Real Boys: Rescuing Our Sons from the Myths of Boyhood
- Cover of the first edition
- Author: William S. Pollack
- Language: English
- Subject: Boyhood
- Publisher: Owl Books
- Publication date: 1998
- Publication place: United States
- Media type: Print (Paperback)
- Pages: 480
- ISBN: 978-0805061833

= Real Boys =

1998 book by William S. Pollack

Real Boys: Rescuing Our Sons from the Myths of Boyhood is a 1998 nonfiction book about boyhood and boy culture by clinical psychologist Dr William S. Pollack, in which the author asserts that toxic conceptions of masculinity in boy culture leads to boys doing poorly in education and health and having higher involvement in violent crimes and suicide than girls.

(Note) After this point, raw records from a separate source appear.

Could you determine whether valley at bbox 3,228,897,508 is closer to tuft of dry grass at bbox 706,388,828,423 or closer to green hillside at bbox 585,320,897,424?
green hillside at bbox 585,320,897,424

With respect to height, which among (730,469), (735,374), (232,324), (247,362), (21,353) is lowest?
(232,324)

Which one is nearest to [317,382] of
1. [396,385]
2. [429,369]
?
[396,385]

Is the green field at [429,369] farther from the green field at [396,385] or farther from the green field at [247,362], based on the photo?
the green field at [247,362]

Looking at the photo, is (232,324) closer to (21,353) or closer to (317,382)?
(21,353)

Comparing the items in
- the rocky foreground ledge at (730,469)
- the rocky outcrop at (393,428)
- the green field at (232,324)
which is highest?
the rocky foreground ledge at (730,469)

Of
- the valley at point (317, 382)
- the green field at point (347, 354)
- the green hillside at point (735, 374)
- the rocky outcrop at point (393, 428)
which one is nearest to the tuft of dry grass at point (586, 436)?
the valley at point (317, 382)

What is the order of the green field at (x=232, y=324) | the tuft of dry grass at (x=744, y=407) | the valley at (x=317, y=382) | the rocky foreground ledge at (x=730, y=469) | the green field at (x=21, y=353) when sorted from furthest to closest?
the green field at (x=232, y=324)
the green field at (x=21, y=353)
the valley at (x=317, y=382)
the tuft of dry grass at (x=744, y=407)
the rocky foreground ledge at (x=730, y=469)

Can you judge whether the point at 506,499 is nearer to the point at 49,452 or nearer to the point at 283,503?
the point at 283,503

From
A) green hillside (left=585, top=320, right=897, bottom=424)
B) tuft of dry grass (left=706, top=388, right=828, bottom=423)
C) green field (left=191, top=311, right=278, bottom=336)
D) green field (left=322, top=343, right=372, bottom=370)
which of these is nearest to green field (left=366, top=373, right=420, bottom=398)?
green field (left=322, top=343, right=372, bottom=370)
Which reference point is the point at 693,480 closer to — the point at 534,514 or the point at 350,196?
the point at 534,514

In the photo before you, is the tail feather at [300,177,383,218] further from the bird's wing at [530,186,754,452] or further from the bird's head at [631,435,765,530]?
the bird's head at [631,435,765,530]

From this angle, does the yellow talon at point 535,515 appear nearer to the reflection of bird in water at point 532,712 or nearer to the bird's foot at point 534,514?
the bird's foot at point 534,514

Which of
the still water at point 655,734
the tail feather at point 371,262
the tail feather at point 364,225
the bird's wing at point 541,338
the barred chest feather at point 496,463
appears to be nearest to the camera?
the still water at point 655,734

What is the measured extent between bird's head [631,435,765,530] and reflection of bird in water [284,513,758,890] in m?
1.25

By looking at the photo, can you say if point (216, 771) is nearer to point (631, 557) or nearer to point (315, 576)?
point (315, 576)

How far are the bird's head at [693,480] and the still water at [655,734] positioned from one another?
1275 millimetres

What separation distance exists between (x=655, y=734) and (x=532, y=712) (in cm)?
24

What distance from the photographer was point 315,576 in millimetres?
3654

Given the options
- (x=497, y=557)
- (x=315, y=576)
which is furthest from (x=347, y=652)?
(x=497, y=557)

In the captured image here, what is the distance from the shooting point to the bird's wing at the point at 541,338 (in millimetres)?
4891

Pollack devoted more than 20 years to researching the material presented in the book.

==Reception==
Real Boys became a bestseller. A Toronto District School Board review of the book says: "Pollack's groundbreaking book has become the academic bible that the new boys' movement was launched from."

The philosopher Christina Hoff Sommers, who attributes the book's popularity to the public response to the Columbine High School massacre, writes that Real Boys is, "The most popular book calling for the rescue of boys from the constraints of a harmful masculinity".